I could not see $|H(\kappa)| > 2^{<\kappa}$.
It is a question in Kunen book. The other part is answered, this part may be clear but I could not see.
Also, $2^{<\kappa}$ is not clear for me. Is it a set of functions which from $\kappa$ to 2?
I could not see $|H(\kappa)| > 2^{<\kappa}$.
It is a question in Kunen book. The other part is answered, this part may be clear but I could not see.
Also, $2^{<\kappa}$ is not clear for me. Is it a set of functions which from $\kappa$ to 2?
Firstly, $\displaystyle 2^{<\kappa}=\bigcup_{\lambda<\kappa}2^\lambda$.

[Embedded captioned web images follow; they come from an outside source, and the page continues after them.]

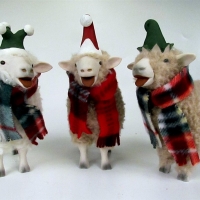 Elf Sheep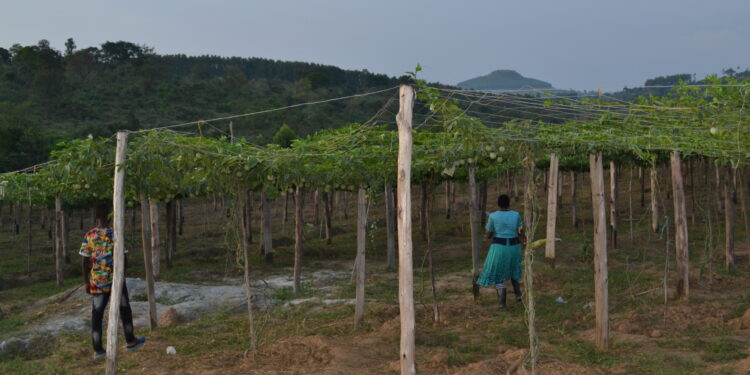 Passion fruit farm for irrigration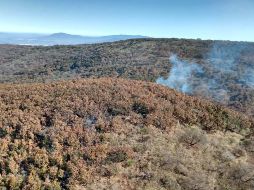 El incendio está en medio de una cañada, lo cual podría dificultar las labores de extinción de las dos líneas de fuego. ESPECIAL / Policía de Tlajomulco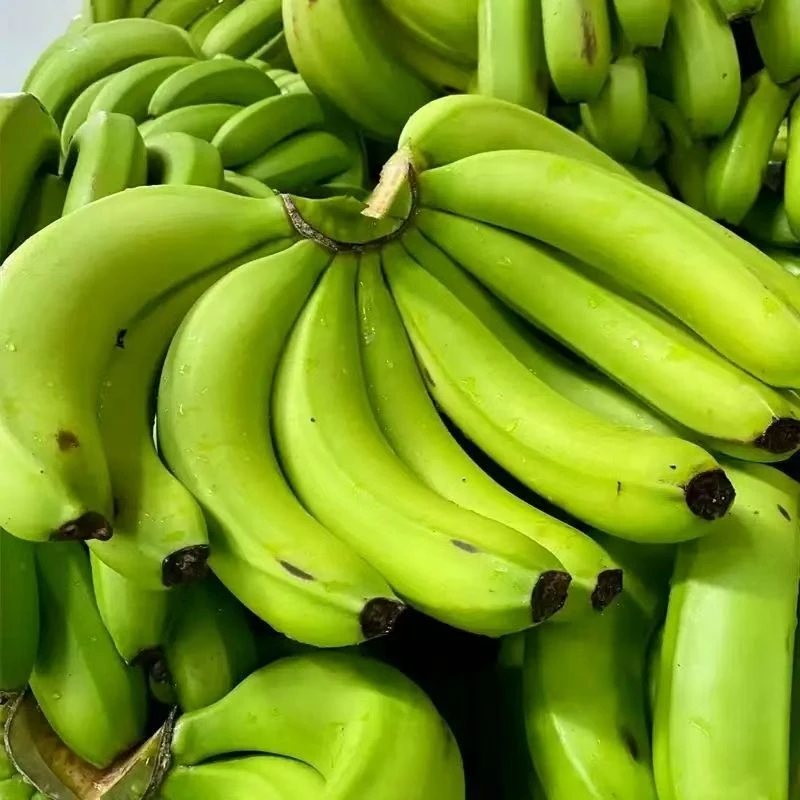 云南正宗老品种高山芝麻香蕉自然熟软糯香甜青皮发货自行催熟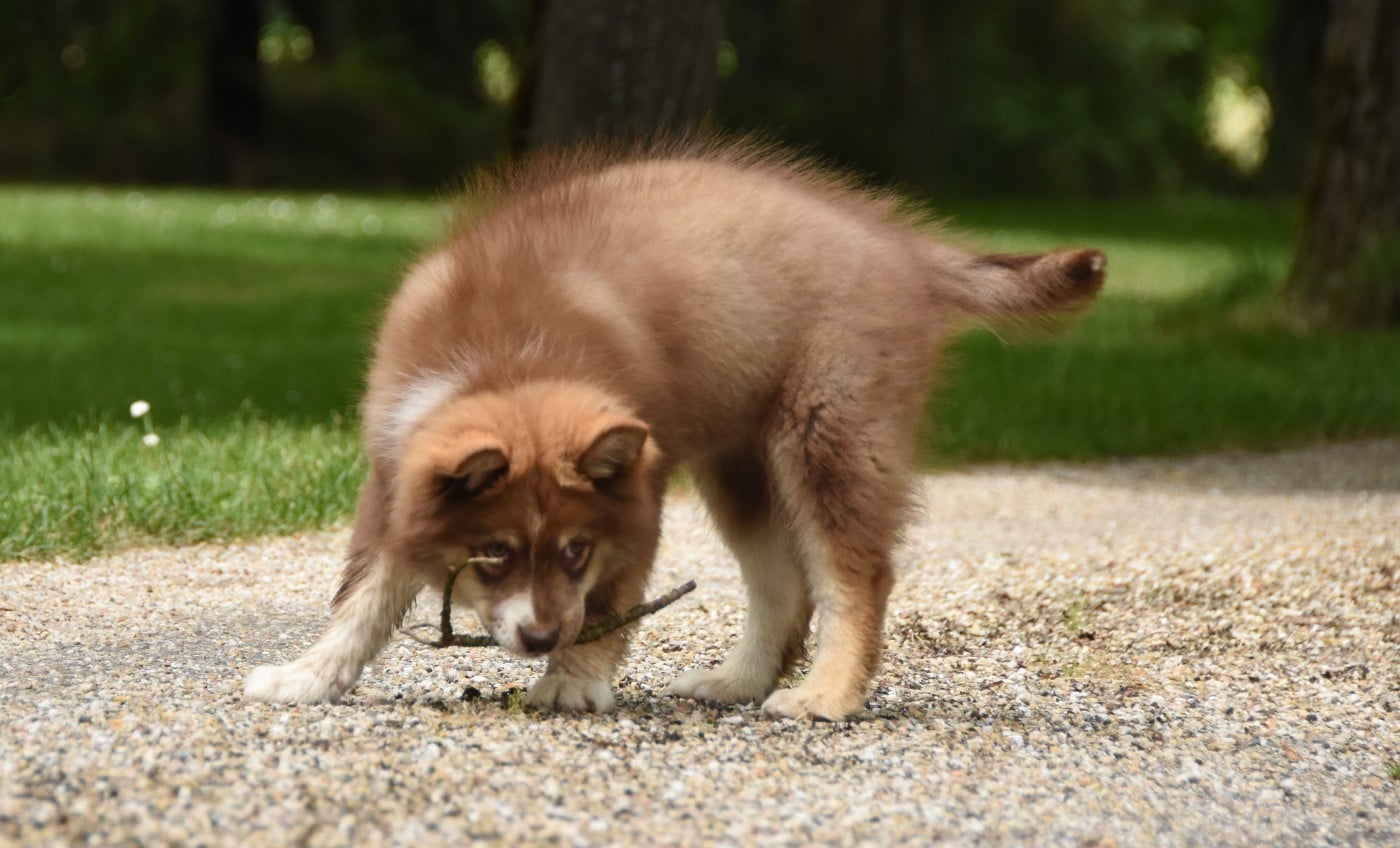 Chiot N°6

Secondly, the set $H(\kappa)$ is the set of all elements whose transitive closure is of cardinality less than $\kappa$.
Note that $V(\kappa)=H(\kappa)$ if and only if $\kappa=\omega$ or $\kappa$ is inaccessible.

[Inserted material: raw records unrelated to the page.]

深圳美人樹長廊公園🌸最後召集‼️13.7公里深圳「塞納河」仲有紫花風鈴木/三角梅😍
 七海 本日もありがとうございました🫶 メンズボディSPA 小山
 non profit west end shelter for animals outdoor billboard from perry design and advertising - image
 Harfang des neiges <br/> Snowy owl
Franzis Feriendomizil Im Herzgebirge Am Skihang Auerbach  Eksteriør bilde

The claim, however, is not true in the countable case, as $H(\kappa)=V(\kappa)$ which is a countable set, and $2^{<\omega}$ is all the finite subsets of $\omega$, which is once again countable. (This is true in the strongly inaccessible case as well, however this claim is stronger than one can prove in ZFC, as the existence inaccessible cardinals cannot be proved in ZFC)
Note that if $A\in H(\kappa)$ then every subset of $A$ is also in $H(\kappa)$, i.e. $\mathcal P(A)\subseteq H(\kappa)$.
Therefore for every ordinal $\alpha<\kappa$ we have that $\mathcal P(\alpha)\subseteq H(\kappa)$
Therefore we have that $\displaystyle 2^{<\kappa} = \bigcup_{\alpha<\kappa}\mathcal P(\alpha)\subseteq H(\kappa)$, as needed.
A very minor addition:
The set $2^A$ is the same as $\mathcal P(A)$ by the function which takes $f\in 2^A$ to the set $\{x\in A\mid f(x)=1\}$, the fact that this is a bijection is left as an exercise.
Also Kunen uses the notation $R(\kappa)$ for the sets of rank $<\kappa$, where it is also standard to use $V_\kappa$ for the same set.
You probably mean $\geq$ rather than $>$ and by "The other part is answered" I assume you mean this question.
First of all $2^{<\kappa}$ is used to denote the set $\bigcup_{\lambda<\kappa}2^\lambda$. Now the answer is fairly trivial since every ordinal less than $\kappa$ is in $H(\kappa)$ and thus each of its subsets is in $H(\kappa)$.